Proving open subsets

[borkborkmath]

This is coming from my introduction to topology class.

"Let (Y, d') be a subspace of the metric space (X, d). Prove that a subset \(\displaystyle O' \subset Y\) is an open subset of (Y, d') iff there is an open subset O of (X, d) such that \(\displaystyle O'=Y \cap O\). Prove that a subset \(\displaystyle F'=Y \subset F\). For a point \(\displaystyle a \in Y\), prove that a subset \(\displaystyle N' \subset Y\) is a neighbohood of a iff there is a neighborhood N of a in (X, d) such that \(\displaystyle N' = Y \cap N.\)"

How and where do I start with this? The definition of a open subset?
A subset O of a metric space is said to be open if O is a neighborhood of each of its points.

 

[pka]

This is coming from my introduction to topology class.
"Let (Y, d') be a subspace of the metric space (X, d). Prove that a subset \(\displaystyle O' \subset Y\) is an open subset of (Y, d') iff there is an open subset O of (X, d) such that \(\displaystyle O'=Y \cap O\). Prove that a subset \(\displaystyle F'=Y \subset F\). For a point \(\displaystyle a \in Y\), prove that a subset \(\displaystyle N' \subset Y\) is a neighbohood of a iff there is a neighborhood N of a in (X, d) such that \(\displaystyle N' = Y \cap N.\)"
How and where do I start with this?
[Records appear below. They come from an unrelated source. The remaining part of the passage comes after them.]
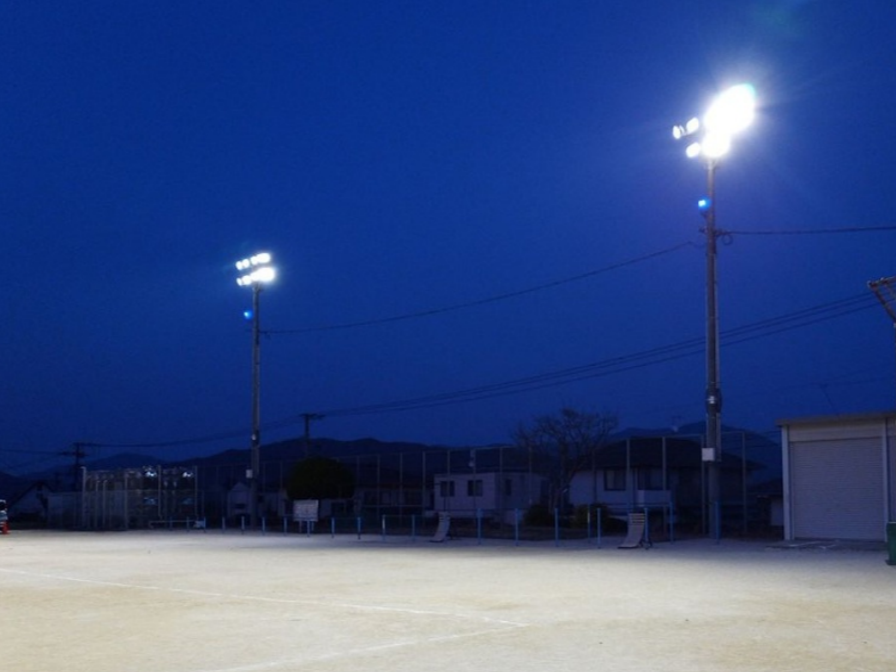 大野南小学校夜間照明1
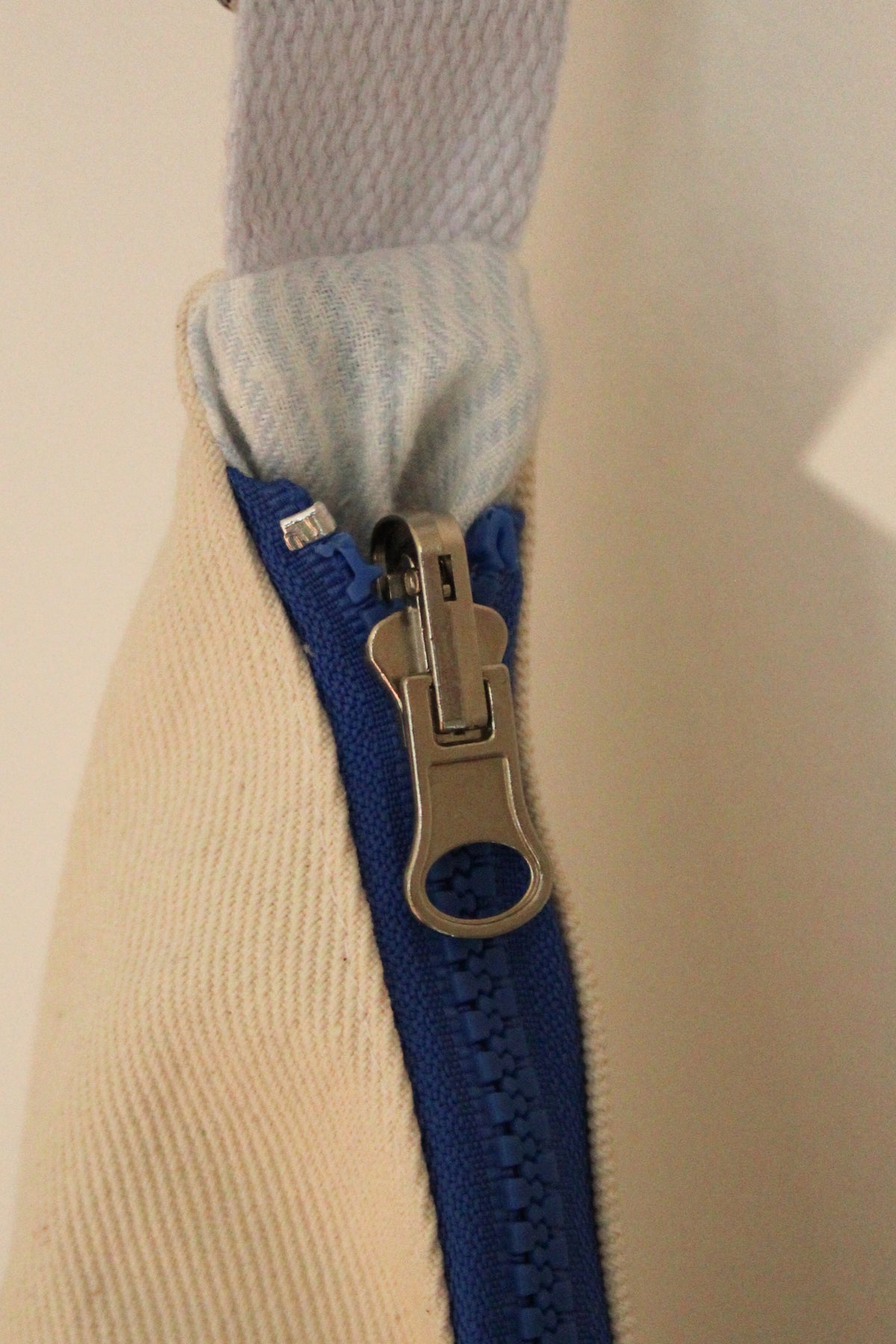 Sac réversible beige/rayé bleu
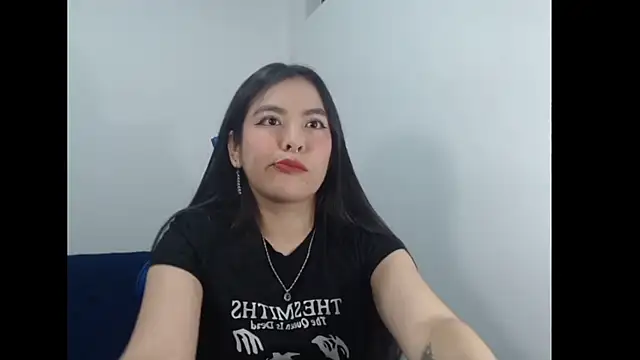 Snapshot of EloiseJun chatting on 04.02.26 EloiseJun online show from 04.02.26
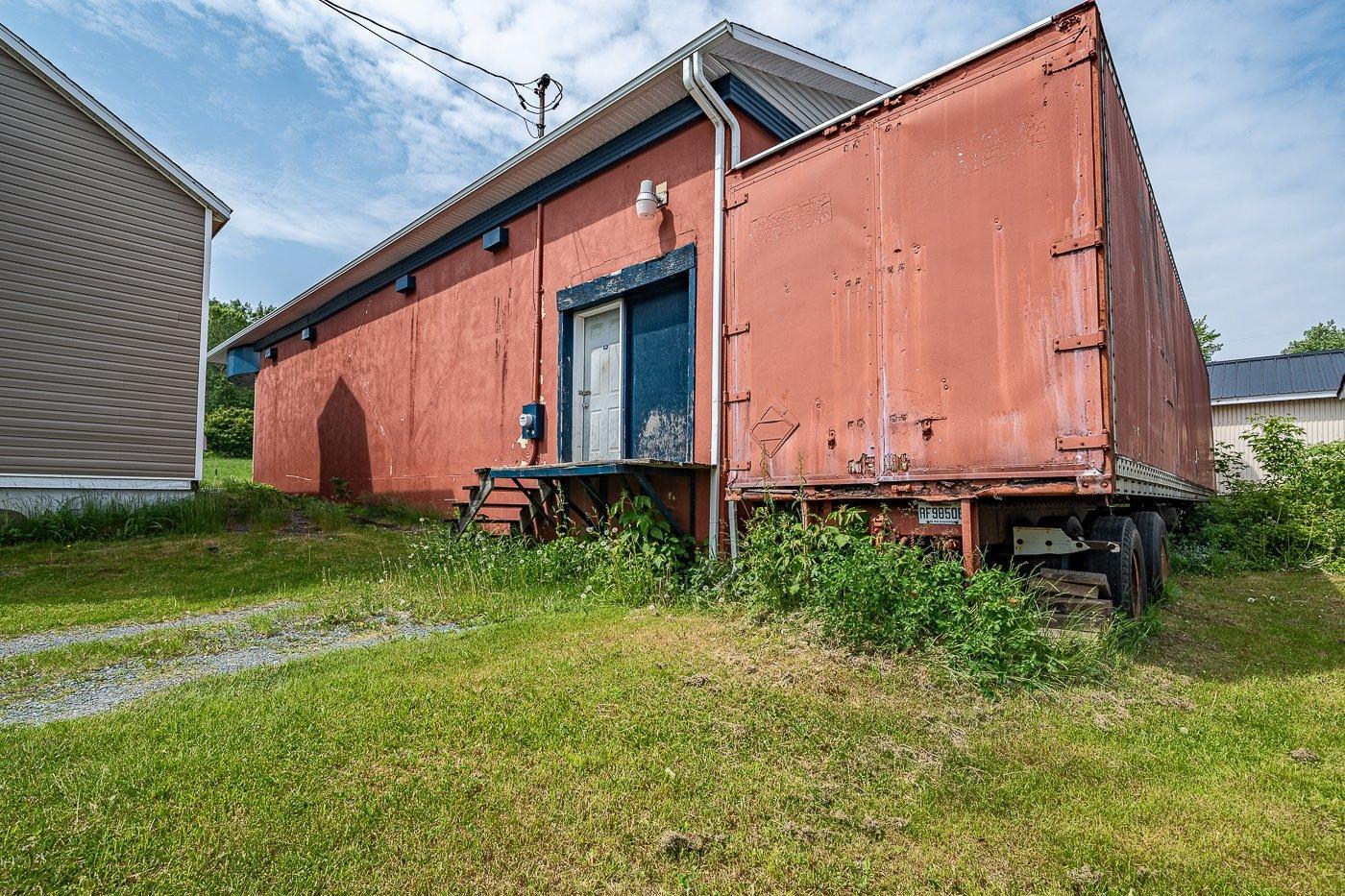 









148

 - 150


Rue Manville O.

,
Val-des-Sources,




QC
J1T1G3

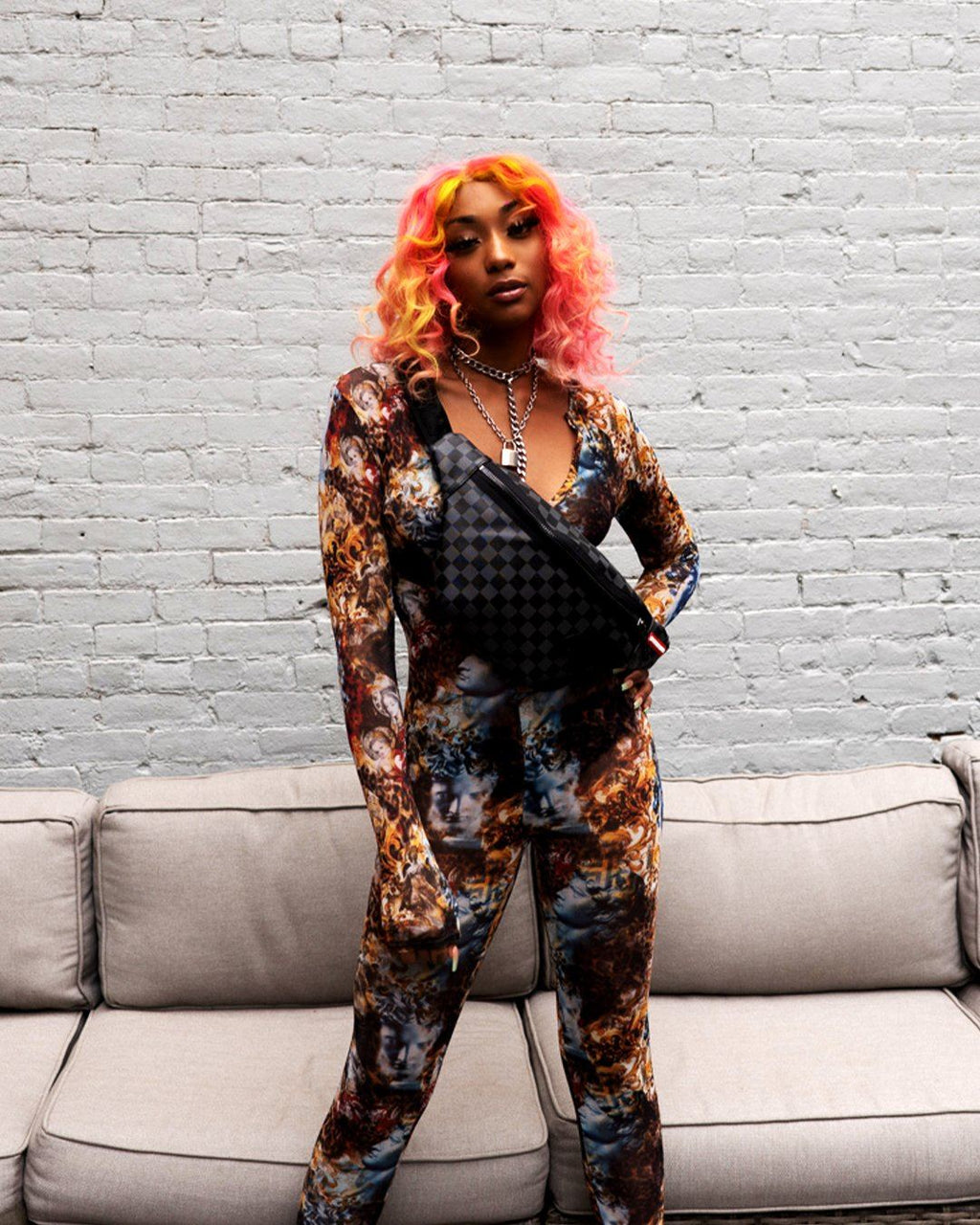 Henny Black Savvy Crossbody - Image 2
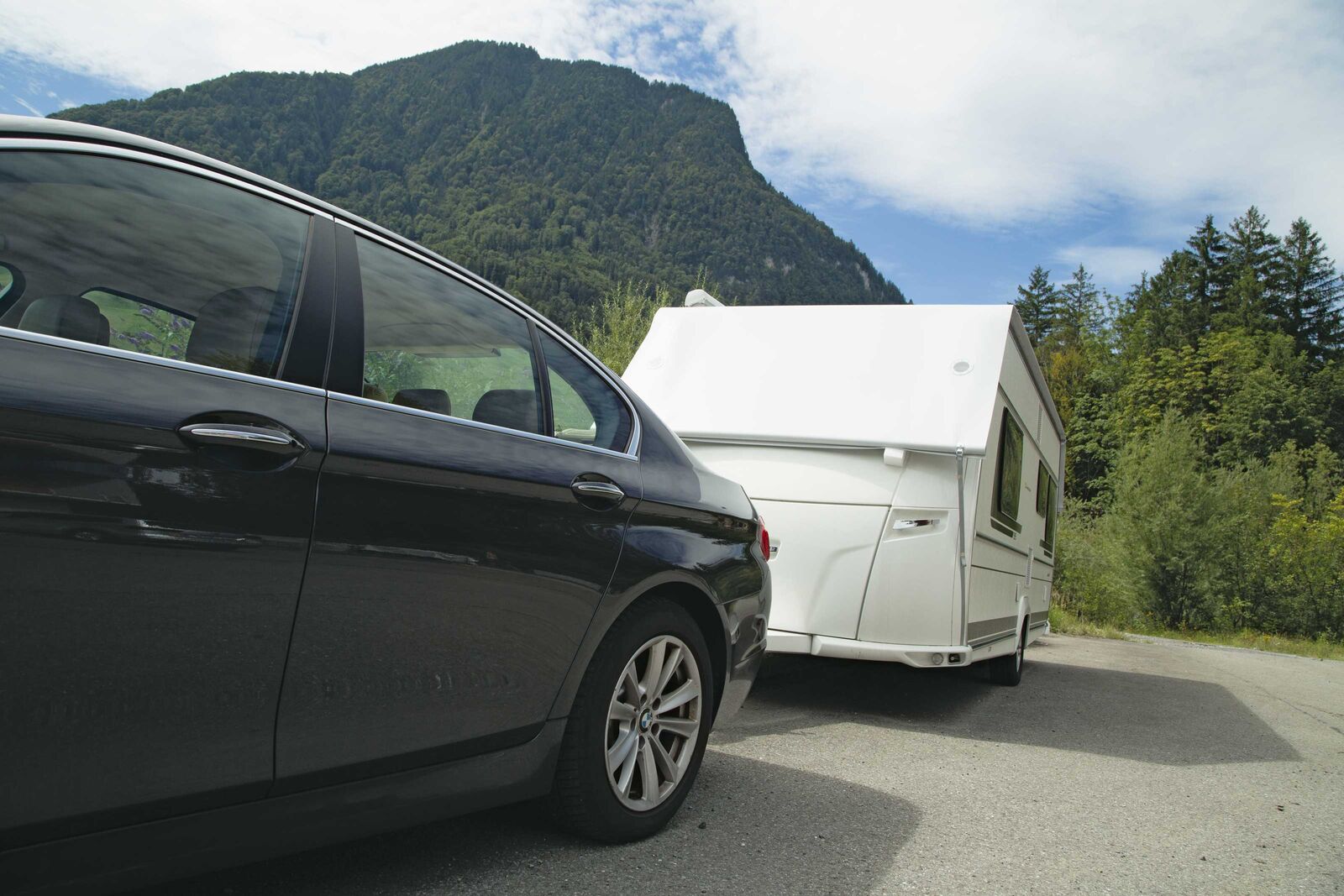 Même en roulant vite : Protec-Swiss donne à la caravane la protection nécessaire.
The definition of a open subset?
A subset O of a metric space is said to be open if O is a neighborhood of each of its points.

Tell us exactly what you know about metric spaces.
If you are not fully conversant with the basic properties of metric spaces, this question is beyond your grasp.

 

[borkborkmath]

So, this question is really 3 smashed into one.
I want to attempt the first one, and I hope you guys can help me out.

Given that (Y, d') is a subspace of the metric space (X, d). Prove that subset O' \(\displaystyle \subset\) Y is an open subset of (Y, d') iff there is an open subset O of (X,d) such that O; = Y \(\displaystyle \cap\) O.

I'll start with \(\displaystyle \Rightarrow\)
We know that Y \(\displaystyle \subset\)X and open O'\(\displaystyle \subset\)Y
Let O = \(\displaystyle \cup\)(x\(\displaystyle \in\)O') B_x(x;\(\displaystyle \delta\)_x)
Then B_x(x;\(\displaystyle \delta\)_x) \(\displaystyle \subset\)O'
Showing O'\(\displaystyle \subset\) (O\(\displaystyle \cap\)Y)
We know that O'\(\displaystyle \subset\)Y
if x\(\displaystyle \in\)O', we have x\(\displaystyle \in\)B_x(x,\(\displaystyle \delta\)_x)\(\displaystyle \subset\)O by construction
\(\displaystyle \Rightarrow\) x\(\displaystyle \in\)O
O'\(\displaystyle \subset\)O
Thus O'\(\displaystyle \subset\)(O\(\displaystyle \cap\)Y)
Need to show containment both ways
O'\(\displaystyle \subset\)(o\(\displaystyle \cap\)Y) By construction of B_x(x;\(\displaystyle \delta\)_x)\(\displaystyle \cap\)Y \(\displaystyle \subset\)O'

*I need to show \(\displaystyle \Leftarrow\) still *

 

[pka]

Here is the whole basis of this proof. It is the very reason you were asked to do this proof.
It shows you a fundamental relationship.

Fundamental principle: In any metric space an open set is the union of fundamental balls.

If (Y,d’) is a subspace of (X,d) then any fundamental ball in Y is a subset of a fundamental ball in X. So one of the directions is trivial.

Now suppose that \(\displaystyle \mathcal{B}_X(p;\delta)\) is a ball in \(\displaystyle X\) then clearly \(\displaystyle \mathcal{B}_Y(p;\delta)=Y\cap \mathcal{B}_X(p;\delta)\).
There you have it.

 

[borkborkmath]

wait..thats it?
Putting your line and my other stuff together answers the first question?